The late Susan Sontag was right for a while when she shocked her
fellow Leftists by saying that communism is successful Fascism. She said this, of course, several years before the Soviet system finally bit the dust, an event that showed that neither communism nor Fascism manages to be very successful at anything more than causing death and misery for millions. Still, if there were a movie made called, say, "Blacks," honoring the idealistic Nazis and Fascist black shirts, we would not see many sentimental remembrances to its creator in The New York Times Magazine.
Somehow these people still suffer from that macabre illusion that one tyranny can be more honorable than the other, what I call the Victor Navasky (of The Nation) thesis (advanced in his book Naming Names). Even after it has been shown that between the Red Soviets and the Red Chinese the toll of communism has been more than double that of Nazism, these Leftist sentimentalists just will not accept how destructive their vision has been, how much horror they have helped unleash in their blind championing of the "ideals" of the reds.
This, by the way, is what is also happening at high schools, colleges and universities across the land, with all those sophisticated Leftist professors treating the reds with kid gloves compared to how they, rightly, treat the Nazis as vicious murders. The crimes of the Right are, to them, unforgivable but those of the Left get cast in understanding terms (the struggle for the poor can lead to mistakes, etc., etc.).

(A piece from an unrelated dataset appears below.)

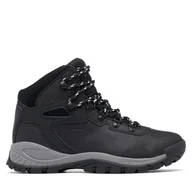Buty trekkingowe damskie - Trekkingi Columbia Newton Ridge Plus 1424692 Czarny - miniaturka - grafika 1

With this sort of scenario on our intellectual landscape, it is
difficult to be properly upset with George W. Bush and his nearly
total abandonment of the libertarian inclinations in the American
conservative movement. Yes, Bush is a traitor to the ideals of the
American Declaration, what with his total rejection of Ben Franklin's insight that "Those who would sacrifice liberty for security deserve neither." But compared to the blindness of the Left, with its ongoing failure to acknowledge how evil communism was and how culpably naïve are the likes of Warren Beatty when they romanticize the commies in vehicles such as Reds, Bush is somewhat tolerable.